**REQUIRED ACTION**
Every line of the listing below from the one with "Wavy Wig, Middle" up to and including the one with "Invest in WeGain" should be retyped exactly, and nothing else; pictures are not part of the copy.

**EXCERPTED RECORDS**
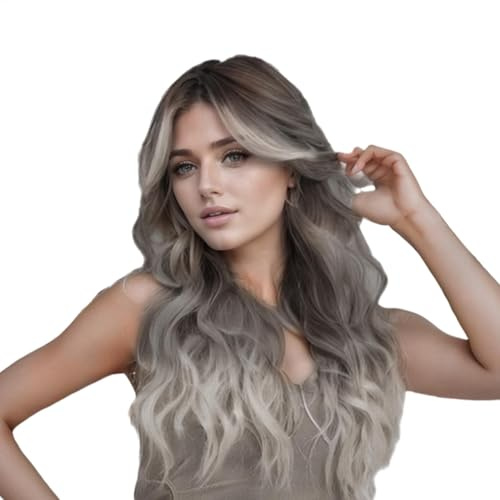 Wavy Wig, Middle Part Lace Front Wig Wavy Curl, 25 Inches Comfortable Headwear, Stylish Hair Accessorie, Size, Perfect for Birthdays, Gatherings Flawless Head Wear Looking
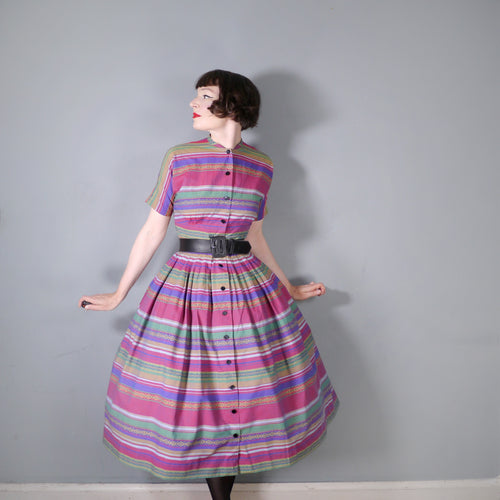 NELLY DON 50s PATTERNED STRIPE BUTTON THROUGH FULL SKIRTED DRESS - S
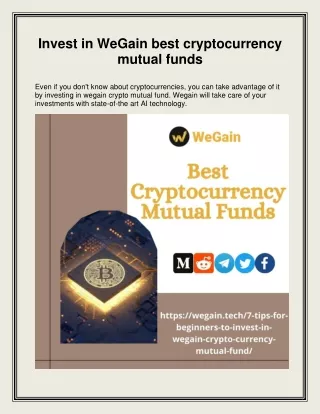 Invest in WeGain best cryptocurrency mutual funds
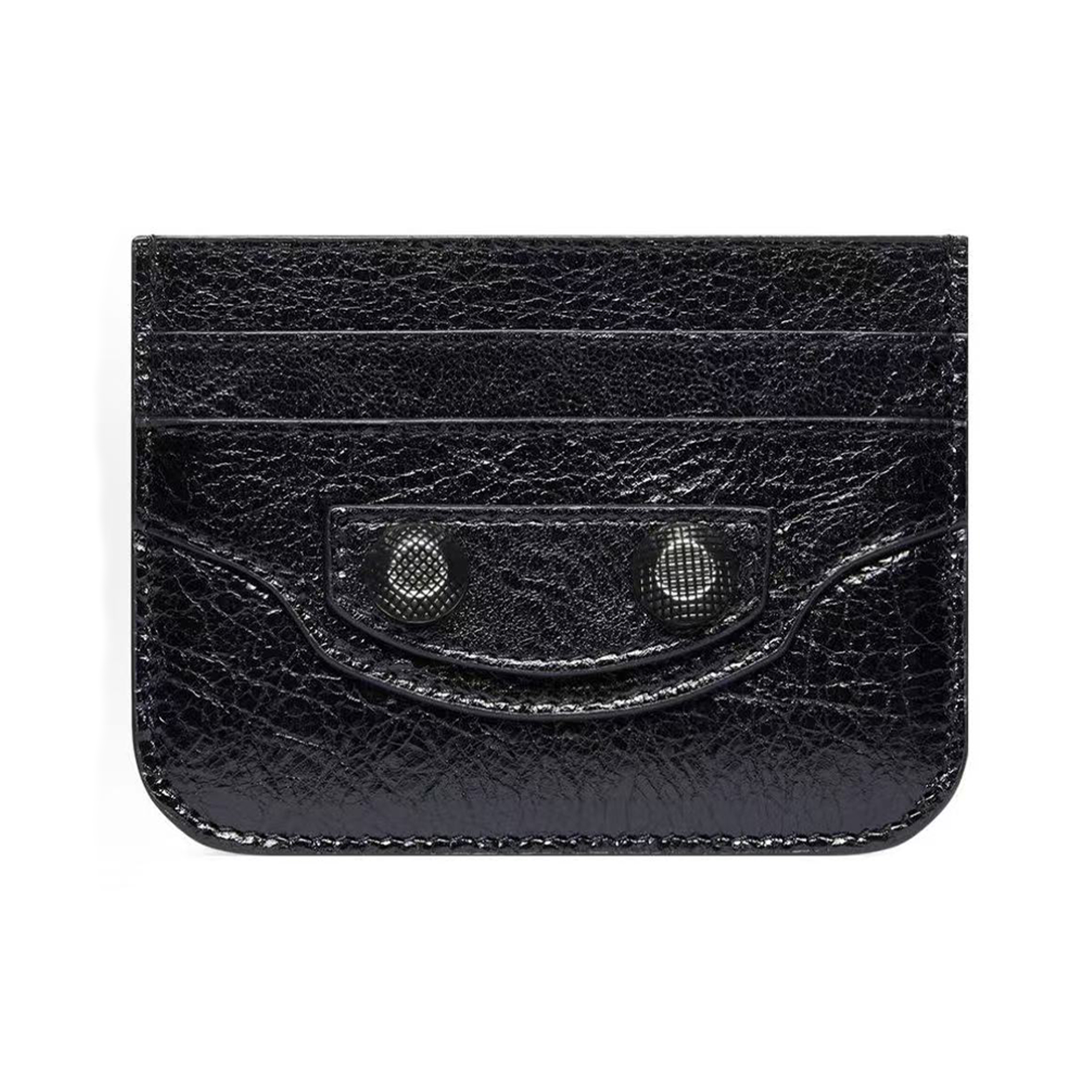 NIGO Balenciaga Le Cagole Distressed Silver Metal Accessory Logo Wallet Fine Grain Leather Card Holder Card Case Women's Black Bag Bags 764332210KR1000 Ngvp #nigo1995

--

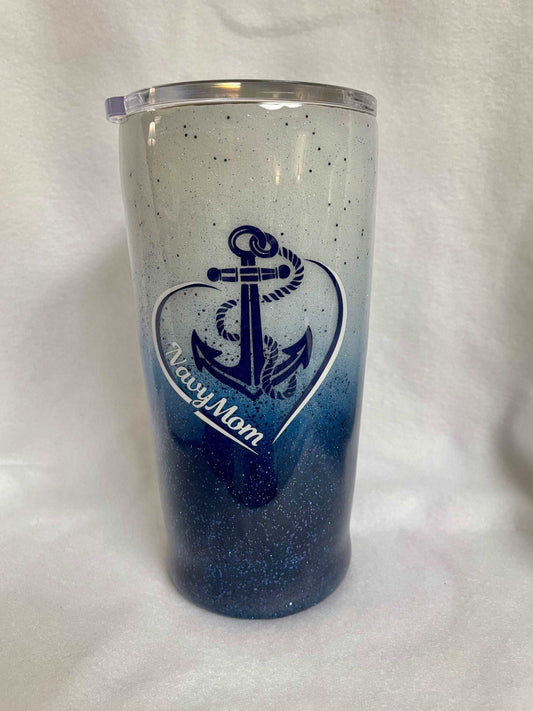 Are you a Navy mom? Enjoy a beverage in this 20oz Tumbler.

**RESPONSE TO THIS TASK**
 Wavy Wig, Middle Part Lace Front Wig Wavy Curl, 25 Inches Comfortable Headwear, Stylish Hair Accessorie, Size, Perfect for Birthdays, Gatherings Flawless Head Wear Looking
 NELLY DON 50s PATTERNED STRIPE BUTTON THROUGH FULL SKIRTED DRESS - S
 Invest in WeGain best cryptocurrency mutual funds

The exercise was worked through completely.